The Center for Independent Living (CIL), a disability rights NGO, reported that most persons with disabilities lived isolated from their communities and that facilities for their education and care were nonexistent or inadequate.
Unemployment remained a serious problem for persons with disabilities. According to government estimates presented by the National Employment Service in November, only 21,000 out of 700,000 people with disabilities were employed. A lack of workplace accommodations, combined with overall high unemployment, made it difficult for persons with disabilities to obtain work. While there were no reports of overt discrimination against persons with mental or physical disabilities, CIL reported that it was difficult to determine if there was discrimination in employment because employers usually gave other reasons for not hiring persons with disabilities. A study released by the Center for Development of Inclusion and the Center for Study of Alternatives in 2006 found that 87 percent of persons with disabilities were unemployed. The study also found that a greater percentage of women with disabilities were dependent on public assistance compared to men with disabilities. In December the minister for labor and social policy reported that 70 percent of persons with disabilities lived in poverty, while 50 percent relied on various forms of government assistance for survival.

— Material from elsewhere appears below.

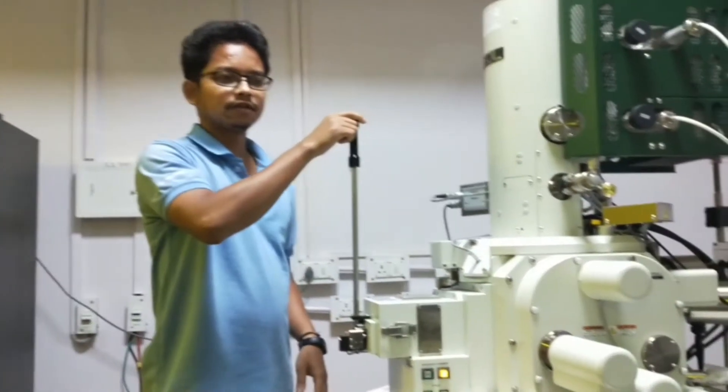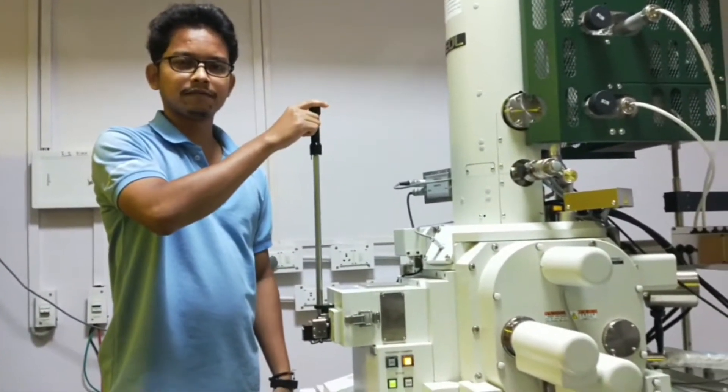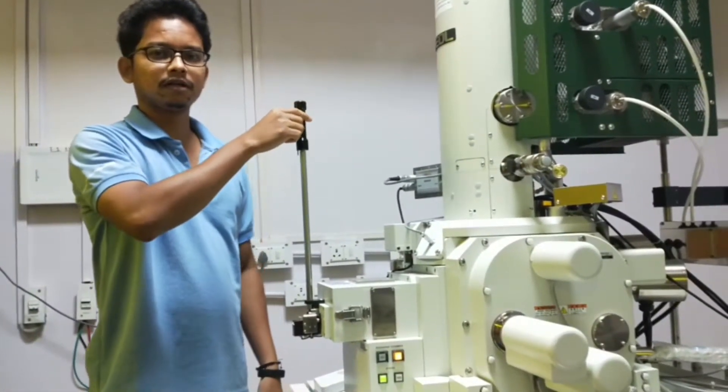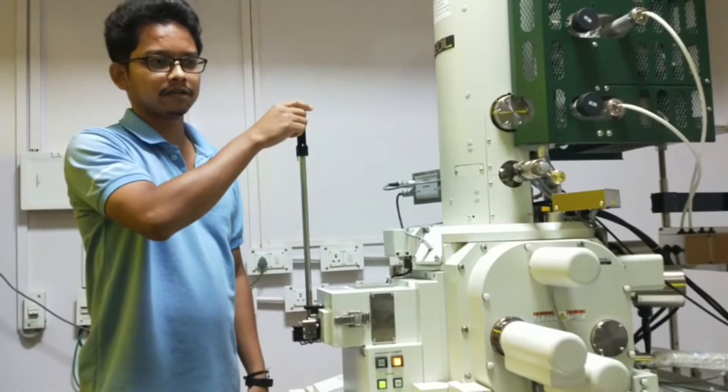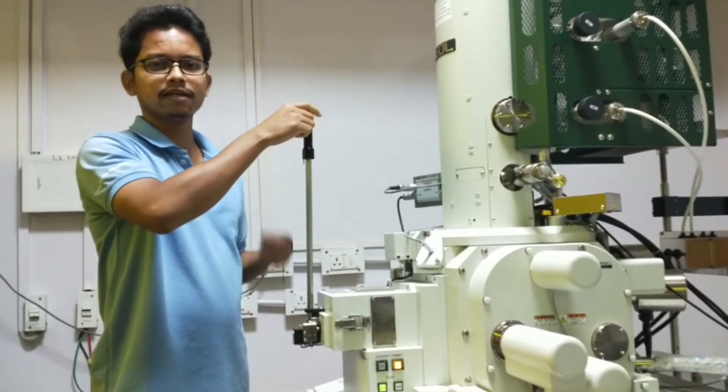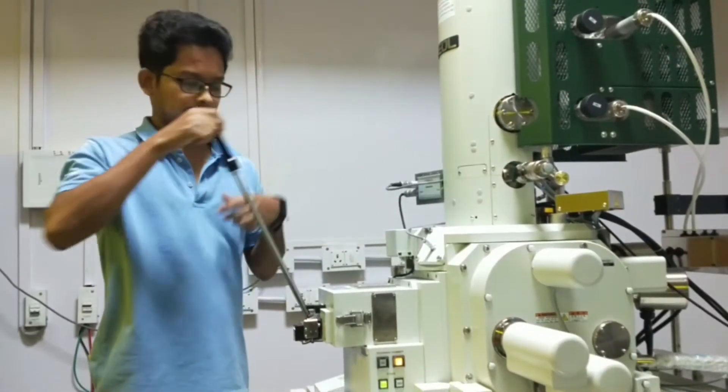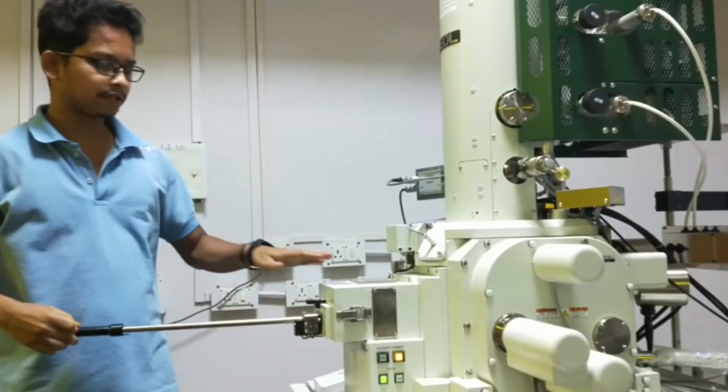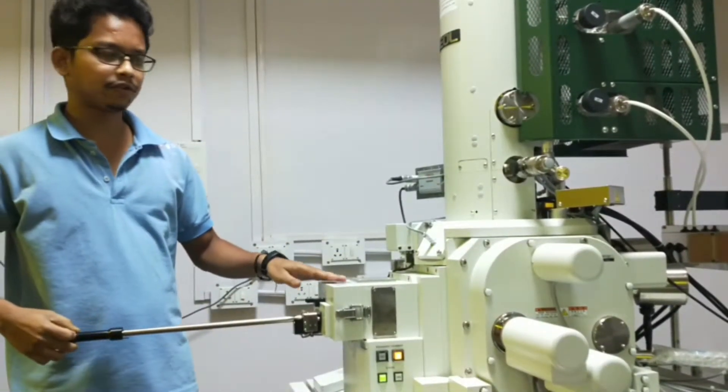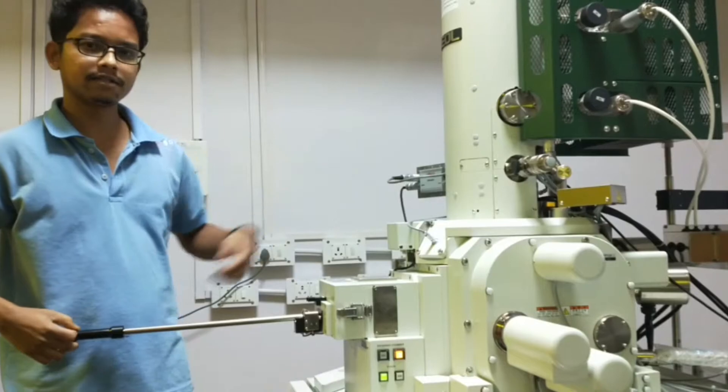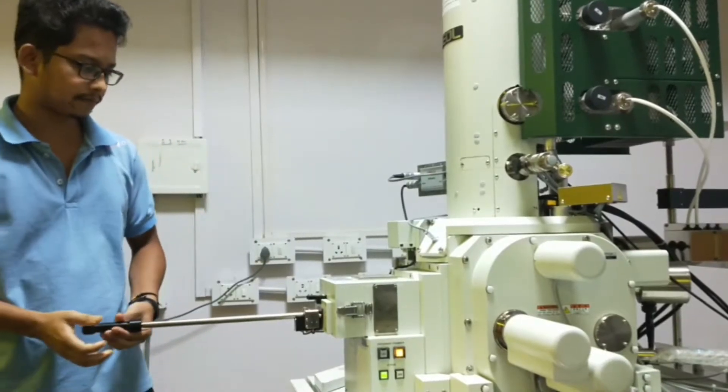As now the pressure has come to our requirement, we can insert our sample from the specimen chamber to inside the FESM.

In a report released in February 2007, the HCS found that psychiatric hospitals in the country often provided inadequate living conditions and that staff lacked training to deal with these cases. Most institutions were large facilities, isolated from the community. Many patients stayed in institutions for 10 or 20 years because there were no other options. Rights of psychiatric patients are not protected either by law or regulation. The HCS reported that some patients were involuntarily confined in locked wards longer than was medically warranted and that abuses of treatment, such as lengthy physical immobilization, could occur.

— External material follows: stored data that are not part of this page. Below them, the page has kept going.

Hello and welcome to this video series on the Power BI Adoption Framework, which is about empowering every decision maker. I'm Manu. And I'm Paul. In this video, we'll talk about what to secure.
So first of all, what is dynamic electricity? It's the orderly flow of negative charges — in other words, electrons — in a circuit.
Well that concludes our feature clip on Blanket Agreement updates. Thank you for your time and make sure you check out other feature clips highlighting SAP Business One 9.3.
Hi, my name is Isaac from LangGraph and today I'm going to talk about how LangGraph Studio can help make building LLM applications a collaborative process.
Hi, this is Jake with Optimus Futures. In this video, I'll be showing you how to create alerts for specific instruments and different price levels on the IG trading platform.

In November 2007 Mental Disability Rights International (MDRI) released a report on government facilities for the mentally disabled. The report, titled "Torment, Not Treatment," criticized the facilities for inadequate hygiene and treatment of patients. The report also cited a lack of training for personnel and lack of oversight of their activities, resulting in abuses of patients. MDRI gave examples of patients tied to their beds continuously. The Social Affairs Ministry objected that, while the report was partially accurate in its description of the worst institutions, the conditions were not so extreme at all facilities.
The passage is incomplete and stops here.